I have a 28v dc power supply and I am looking for a circuit to monitor voltage drop below 10v in the load. I want to have led light up when load voltage is above 10v and another led to light up if voltage drops below 10v. I also want the led to draw power from the power supply instead of the load. How can I achieve this please? Thank you.
Swagatam said…
you can use the circuit, and connect one LED from positive to pin6 and another LED from pin6 to ground....both these LED must have a 10K resistor in series.

Use LM321 IC instead of 741 since LM321 can work with upto 32V supplies
Swagatam said…
...and use 10k for the zener resistor
Mustafa said…
Can I use this circuit for 14V DC or 16V DC?
dear sir i real enjoy your circuit design and analysis. can this 12volt be modified to 24volt. if yes what are the component to add
Swagatam said…
what is the battery AH rating? and also specify whether you want it to be automatic or manual OFF
Ainsworth Lynch said…
Do you have any schematic with an adjustable power supply with atleast 50amp output
Swagatam said…
you can try the design that's explained below:

/blog/2016/09/high-current-lm317-variable-power-supply-circuit.html
hello sir
can i use this circuit for lithium ion battery whose max charge is 3.8- 4.2V.
i am asking this question bcoz my device is single battery operated and if i use above ckt, as my battery is drained my reference voltage will also vary since their is no other source of power ,
suppose i use zener of 3.3V for getting regulated reference and battery voltage drops below 3.3v ,
in this condition will this circuit work or not
Swagatam said…
hello rupesh, the above circuits will not work with 3.3V supply, you can try the following design instead

https://homemade-circuits.com/2013/05/low-battery-indicator-circuit-using-two.html
aizaz khan said…
Sir you are superb blowing
Sir i need help i have few question will u confrm
Is this above circuit will work on 100ah battery 2ndly i want to confrm i dont understand how much we will apply voltage and current needed?
I am talking about 3rd ckt .
Sir what should be connected at the load and where is the red and green led whixh shows that battery is charging and full
I want to id so that i take help
Swagatam said…
Thank you Aizaz,

you can use upto max 18V, and current can be upto any level that you prefer depending on the battery size.

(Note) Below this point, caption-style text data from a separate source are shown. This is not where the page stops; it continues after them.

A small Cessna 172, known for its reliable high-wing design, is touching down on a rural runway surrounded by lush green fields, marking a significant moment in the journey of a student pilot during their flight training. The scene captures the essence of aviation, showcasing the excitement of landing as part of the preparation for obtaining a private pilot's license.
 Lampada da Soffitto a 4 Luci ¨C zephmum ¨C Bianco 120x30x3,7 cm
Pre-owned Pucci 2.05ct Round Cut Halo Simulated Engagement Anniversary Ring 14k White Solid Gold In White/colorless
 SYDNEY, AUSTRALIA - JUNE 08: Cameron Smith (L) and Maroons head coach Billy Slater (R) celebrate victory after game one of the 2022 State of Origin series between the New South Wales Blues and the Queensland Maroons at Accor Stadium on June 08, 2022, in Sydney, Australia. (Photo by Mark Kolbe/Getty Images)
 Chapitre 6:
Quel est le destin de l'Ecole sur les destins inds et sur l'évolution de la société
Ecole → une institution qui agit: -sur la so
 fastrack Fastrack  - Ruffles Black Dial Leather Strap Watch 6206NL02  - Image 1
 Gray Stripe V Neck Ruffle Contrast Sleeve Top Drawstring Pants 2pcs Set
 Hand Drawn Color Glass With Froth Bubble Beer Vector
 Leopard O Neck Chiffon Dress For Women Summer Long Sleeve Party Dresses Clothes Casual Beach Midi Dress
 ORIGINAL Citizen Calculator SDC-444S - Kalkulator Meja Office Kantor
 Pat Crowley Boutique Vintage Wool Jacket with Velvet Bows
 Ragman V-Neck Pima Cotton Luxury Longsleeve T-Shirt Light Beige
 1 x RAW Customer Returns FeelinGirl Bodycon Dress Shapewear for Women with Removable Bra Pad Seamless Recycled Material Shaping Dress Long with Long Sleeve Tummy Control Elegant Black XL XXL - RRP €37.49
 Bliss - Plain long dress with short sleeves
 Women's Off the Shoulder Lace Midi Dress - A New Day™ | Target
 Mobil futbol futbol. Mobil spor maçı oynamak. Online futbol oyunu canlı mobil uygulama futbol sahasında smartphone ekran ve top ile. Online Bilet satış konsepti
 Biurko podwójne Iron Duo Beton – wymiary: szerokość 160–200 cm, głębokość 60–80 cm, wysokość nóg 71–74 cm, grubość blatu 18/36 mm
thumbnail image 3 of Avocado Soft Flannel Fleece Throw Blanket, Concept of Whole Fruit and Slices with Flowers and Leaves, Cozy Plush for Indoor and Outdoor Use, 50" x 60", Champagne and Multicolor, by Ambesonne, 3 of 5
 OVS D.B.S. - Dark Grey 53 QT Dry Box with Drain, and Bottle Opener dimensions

If your battery is 100AH in that case you can apply a 10 amp or 12 amp input....but make sure the relay contacts are rated to handle this much current....and if the relay is rated at some higher power then the transistor will also need to e upgraded, so better to go with a 2N2222 instead of the shown BC547
Swagatam said…
the load can be an inverter or lamp anything that you intend to operate when the battery is fully charged.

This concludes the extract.